(Raw data begins)

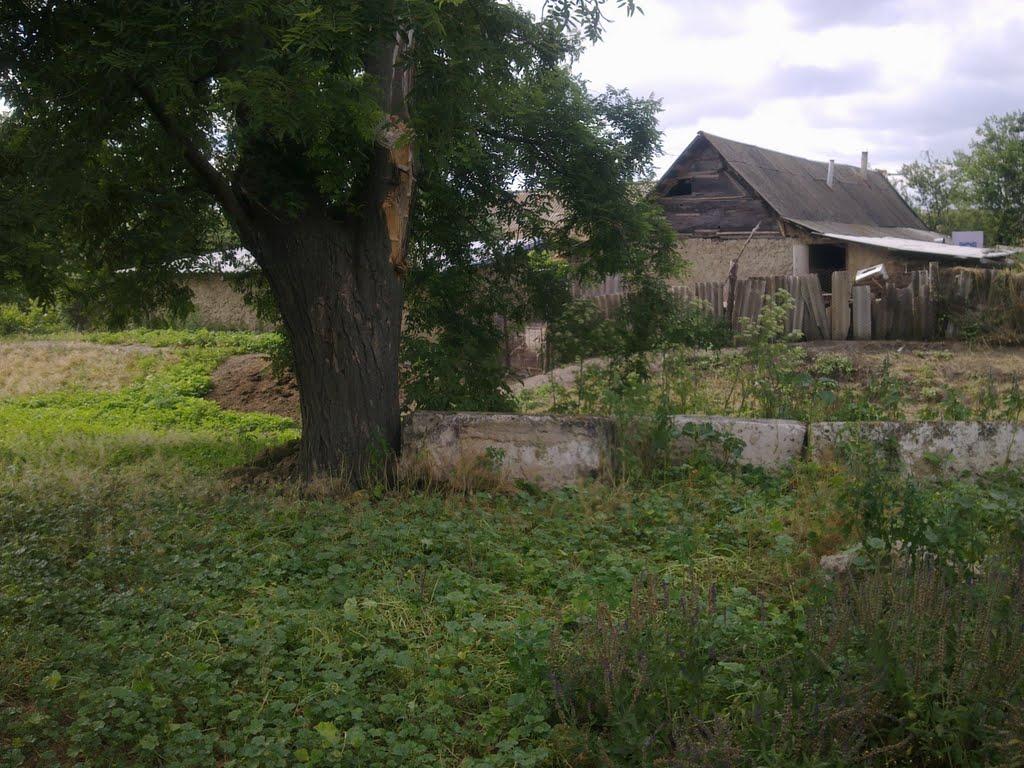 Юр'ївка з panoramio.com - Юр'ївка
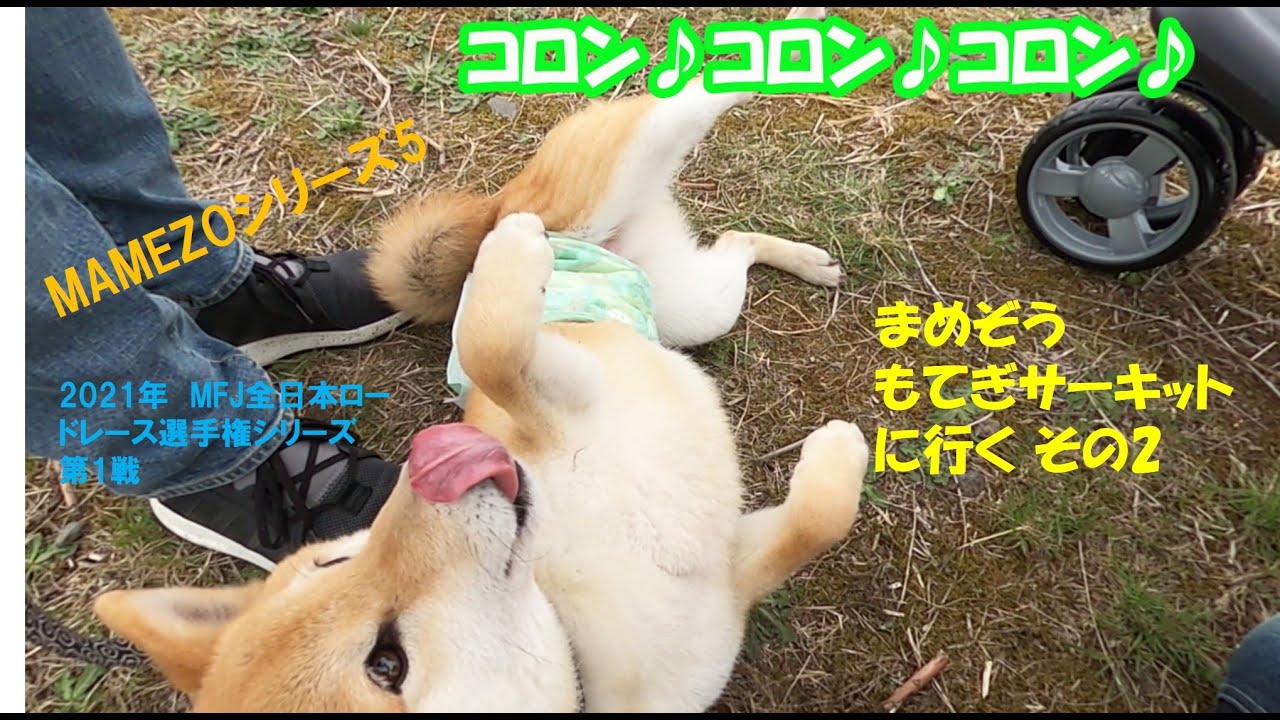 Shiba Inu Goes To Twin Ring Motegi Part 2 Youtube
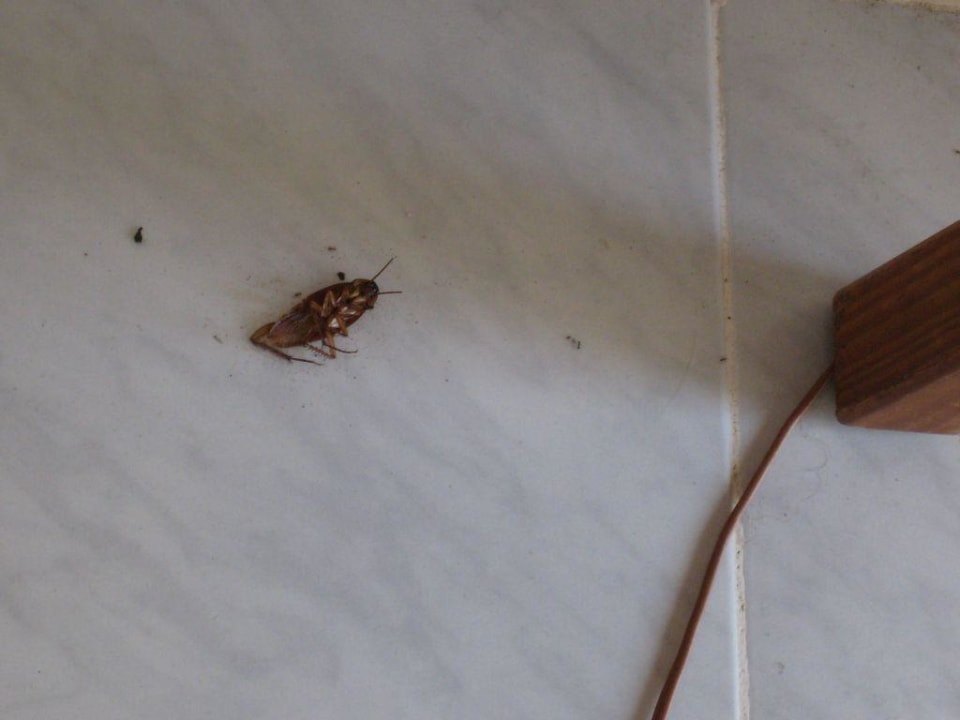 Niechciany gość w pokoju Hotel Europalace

(Raw data ends)

▶ Work order: Skipping all images, print the data above a second time exactly.

▶ Solution to the exercise:
 Юр'ївка з panoramio.com - Юр'ївка
 Shiba Inu Goes To Twin Ring Motegi Part 2 Youtube
 Niechciany gość w pokoju Hotel Europalace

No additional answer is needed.